Ballard Natural Drainage
Roadside Raingarden Locations Identified
Thanks to everyone who attended the September walk and talk events. Your input will help to make sure we design and build the best project possible. After a year of door-to-door visits, public meetings, surveys, emails and phone calls, we have identified the preferred locations for natural drainage. Based on input through September 2013, these are the proposed locations for roadside raingardens (pdf).
Through 2014, we will continue to gather your input about the design, including specific locations for rain gardens, access points to your home, preferences for plants, and other design issues. Construction will not begin before spring 2015.
Walk and Talk on Your Block – September 28-29, 2013
We walked around with residents of these blocks in September to gain specific information about trees, plantings, parking concerns and other important information.
Over the summer, we’ve visited Ballard neighbors several times door-to-door to gather input from residents on these blocks. We’ve heard about trees and plantings, parking concerns, and many other things important to residents. Thanks to everyone who has taken the time to share information with us. The project team is receiving valuable updates every week from Ballard residents and it’s helping us to develop options that address resident concerns.
Third Public Meeting – June 5, 2013
If you couldn’t make it to the meeting, take a look at the information presented about the project:
View the presentation (pdf)
Second Public Meeting – Feb. 12, 2013
If you couldn’t make it to the meeting, please take a look at the display boards (pdf).
See the timeline for the technical analysis and public involvement process (pdf).
See the results of the December 2012 survey (pdf).
First Public Meeting– Oct. 2, 2012
View the October 2 presentation (pdf).
Read the questions and comments from the meeting (pdf).
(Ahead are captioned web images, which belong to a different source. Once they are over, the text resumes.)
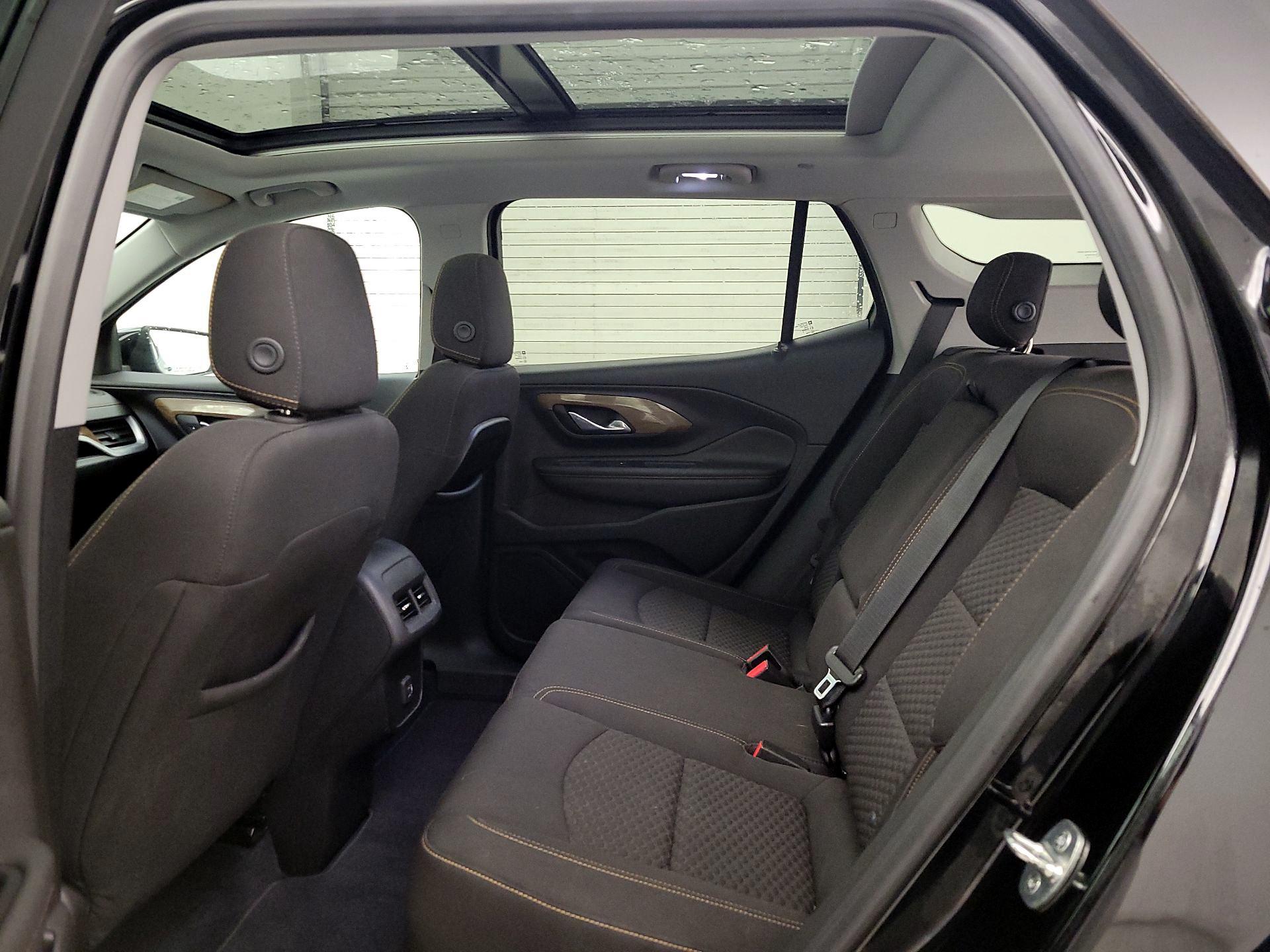 Thumbnail: 2019 GMC Terrain - 20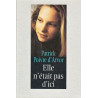 Elle n'était pas d'ici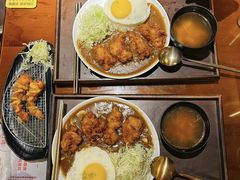 -金龙咖喱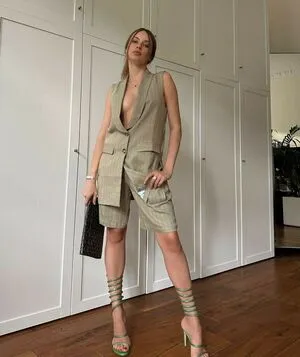 Xenia Tchoumi OnlyFans Leaked Free Thumbnail Picture - #QFV0FwAGIr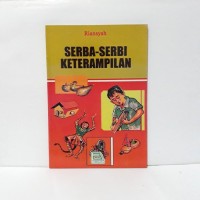 SERBA-SERBI KETERAMPILAN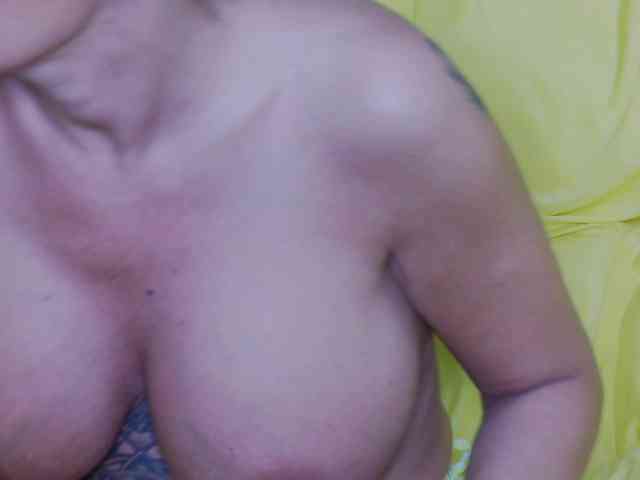 Modella: SandraSayd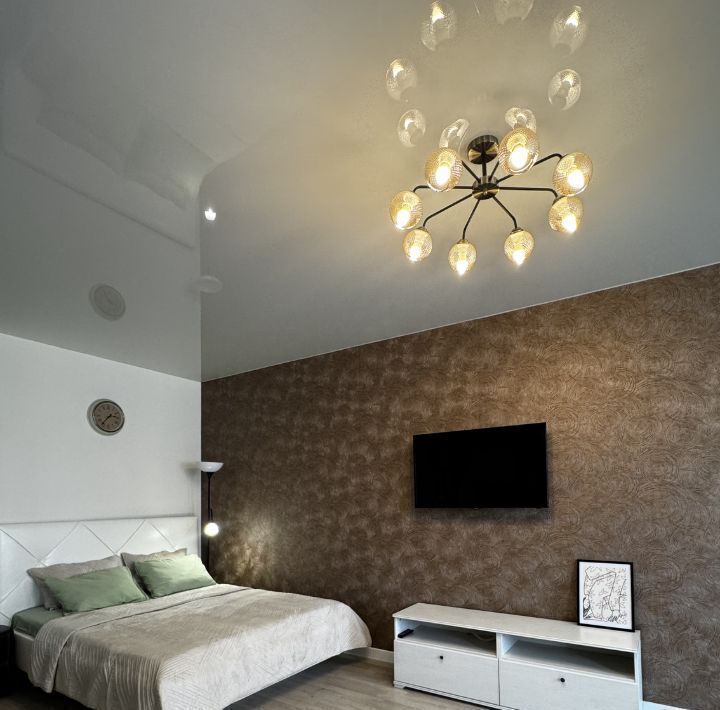 квартира г Томск р-н Советский ул Алтайская 8/3 фото 6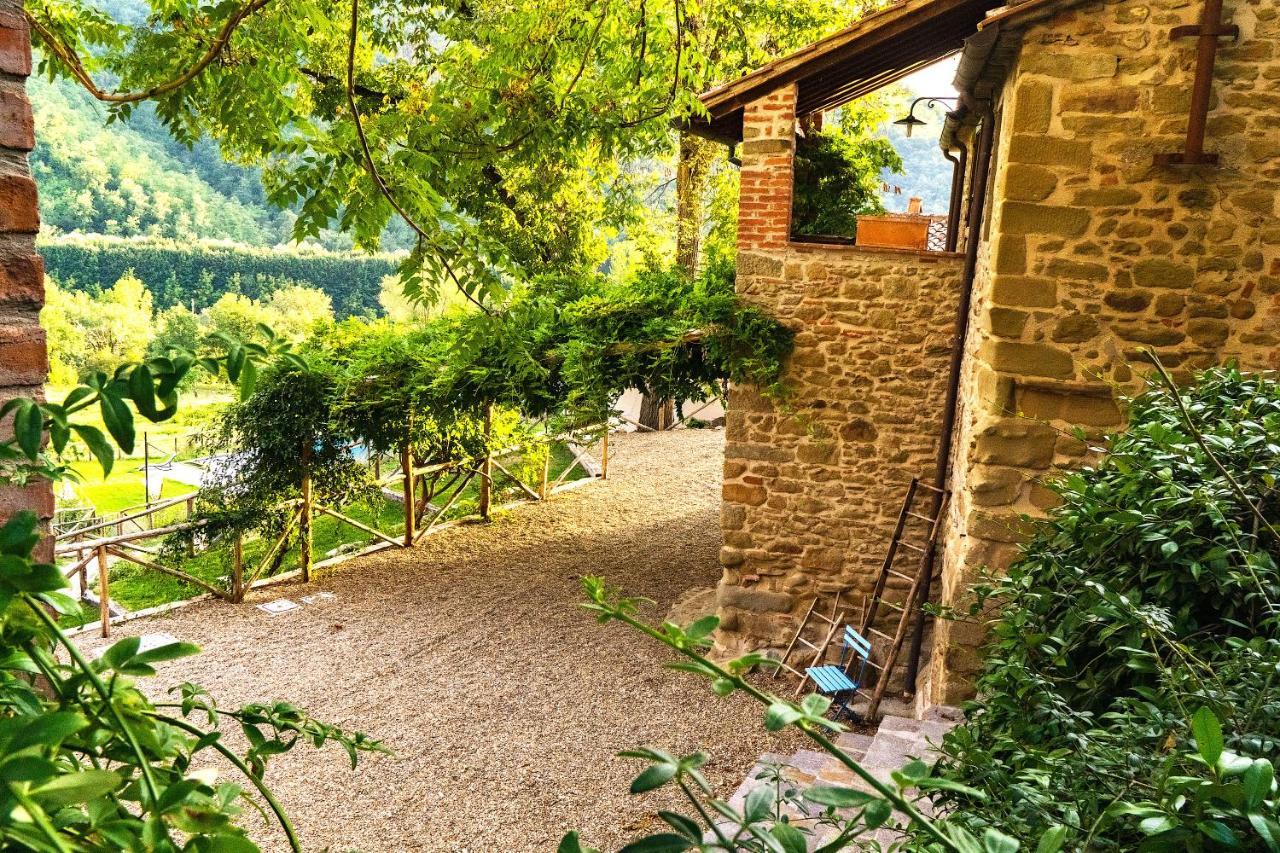 Parulia Agroturismo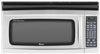 Microwave OTR 30" Stainless (dis)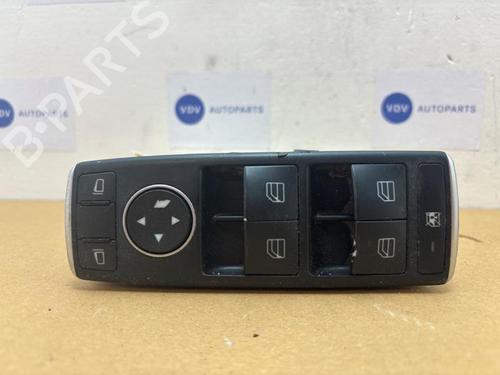 Used Switch Switch MERCEDES-BENZ B-CLASS Sports Tourer (W246, W242) B 200 (246.243) (156 hp) 38840595 38840595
The project to construct natural drainage (roadside raingardens) began in 2009. Drainage swales were installed in the public right-of-way across 10 city blocks between NW 65th Street and NW 80th Street and 28th Avenue NW and 31st Avenue NW in Ballard. See the project map (pdf).
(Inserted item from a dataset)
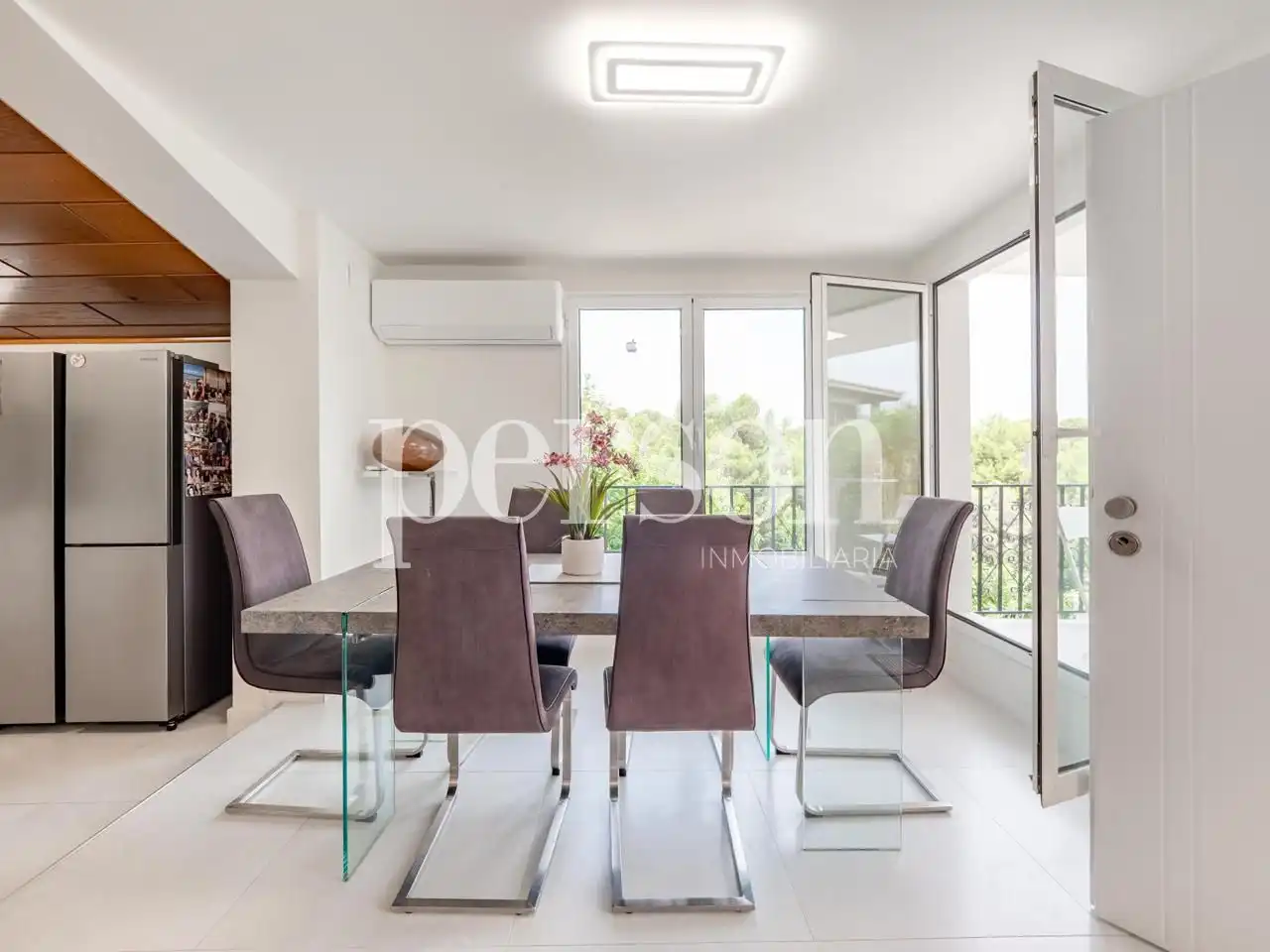 Villa con terrazza in vendita a El Vedat - Santa Apolonia, imagen 29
The rain gardens are designed with soils and densely planted vegetation to infiltrate and filter stormwater flowing from the roadway, while providing attractive landscaping. Rain gardens are located within existing planting strips, and, in some cases, may extend slightly into roadways.
If you live in Ballard and would like to explore the possibility of having a roadside rain garden installed by the city, please send your name, address, phone number and email address to the project manager at email@example.com.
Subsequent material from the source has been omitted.